Work request: Your answer must be a word-for-word copy of the listing below, minus its pictures.

Data below:
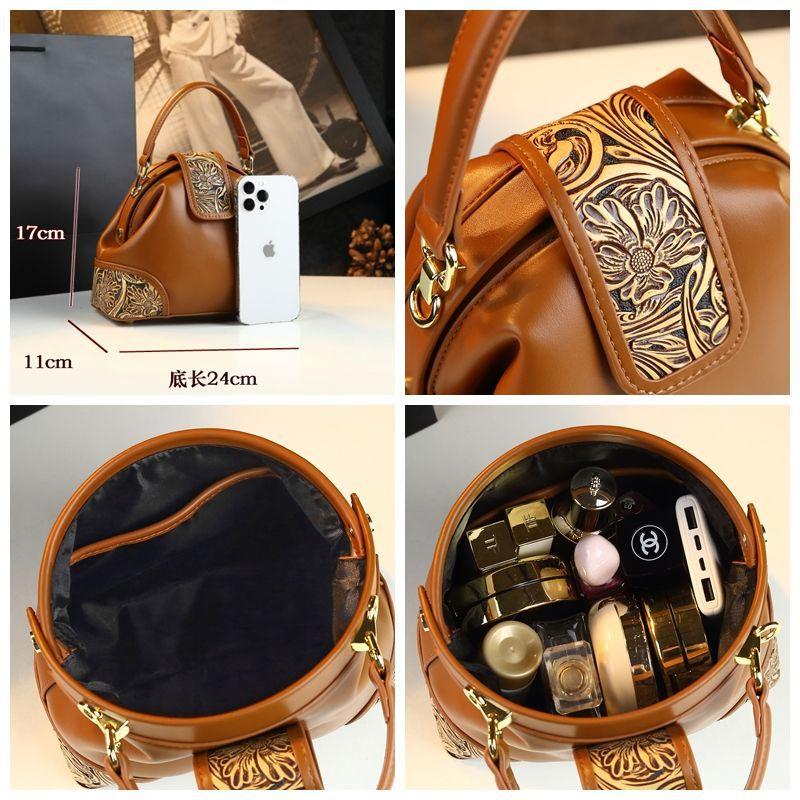 Leather Carving Small Bag Retro Atmosphere Dumpling Leather Women'S Bag Exquisite Shoulder Crossbody Handbag Women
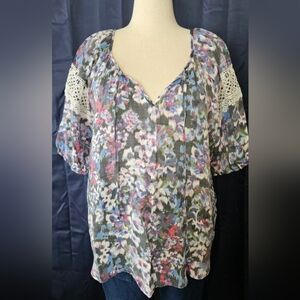 Robert Lewis Abstract Floral with Lace Trim Peasant Top Size XL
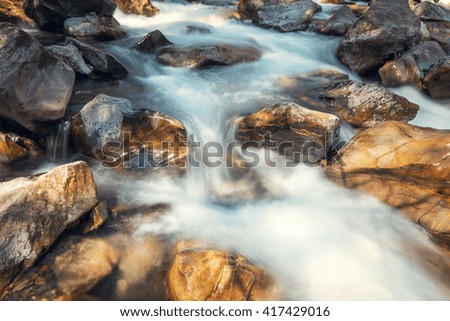 Water flowing in the river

Result:
 Leather Carving Small Bag Retro Atmosphere Dumpling Leather Women'S Bag Exquisite Shoulder Crossbody Handbag Women
 Robert Lewis Abstract Floral with Lace Trim Peasant Top Size XL
 Water flowing in the river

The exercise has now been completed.